Nenhum dos experimentos que analisamos levou em consideração os regulamentos financeiros atuais, como a diretiva legal da União Europeia MIFID II ou a ética nos negócios. Os experimentos em si não se envolveram em nenhuma atividade antiética — eles não buscaram manipular o mercado - mas eles não tinham um recurso que assegurasse explicitamente que eles eram éticos.

Na nossa opinião, os algoritmos de machine learning e IA na tomada de decisões de investimento devem observar dois conjuntos de padrões éticos: tornar a IA ética em si e tornar ética a tomada de decisões de investimento, levando em consideração considerações ambientais, sociais e de governança. Isso impediria a IA de investir em empresas que possam prejudicar a sociedade, por exemplo.

Tudo isso significa que as IAs descritas nos experimentos acadêmicos eram impraticáveis no mundo real da indústria financeira.

Os humanos são melhores?

Também queríamos comparar os resultados da IA com os conquistados por profissionais de investimento. Se a IA pudesse investir tão ou melhor do que os humanos, isso poderia ser o prenúncio de uma enorme redução nos empregos.

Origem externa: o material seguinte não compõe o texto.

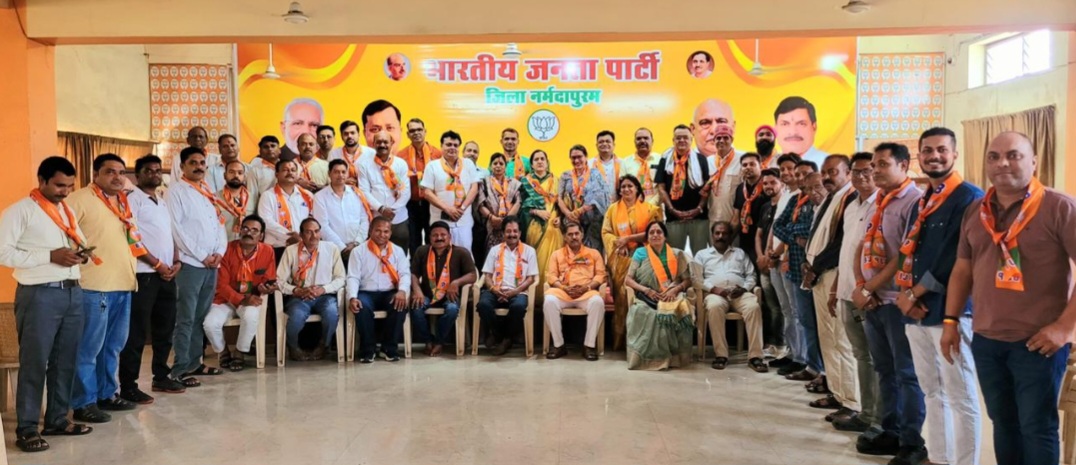 प्रधानमंत्री कार्यकाल के सफलतम 12 वर्ष पूर्ण होने पर प्रत्येक बूथ पर कार्यकर्ता करें 12-12 पौधों का रोपण – संसाद माया नारोलिया, भाजपा नर्मदापुर मंडल की मासिक बैठक हुई संपन्न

Descobrimos que diversos fundos alimentados por IA cujos dados de desempenho foram divulgados publicamente geralmente tiveram desempenho inferior no mercado. Assim, concluímos que existe atualmente um argumento muito forte a favor de analistas e gestores humanos.

Apesar de todas as suas imperfeições, evidências empíricas sugerem fortemente que os humanos estão atualmente à frente da IA. Isso pode ser em parte por causa dos atalhos mentais eficientes que os humanos usam quando precisam tomar decisões rápidas sob incerteza.

No futuro, isso pode mudar, mas ainda precisamos de evidências antes de mudar para a IA. E no futuro imediato, acreditamos que, em vez de colocar humanos contra a IA, devemos combinar os dois. Isso significaria incorporar a IA em ferramentas analíticas e de suporte à decisão, mas deixar a decisão final de investimento para uma equipe formada por humanos.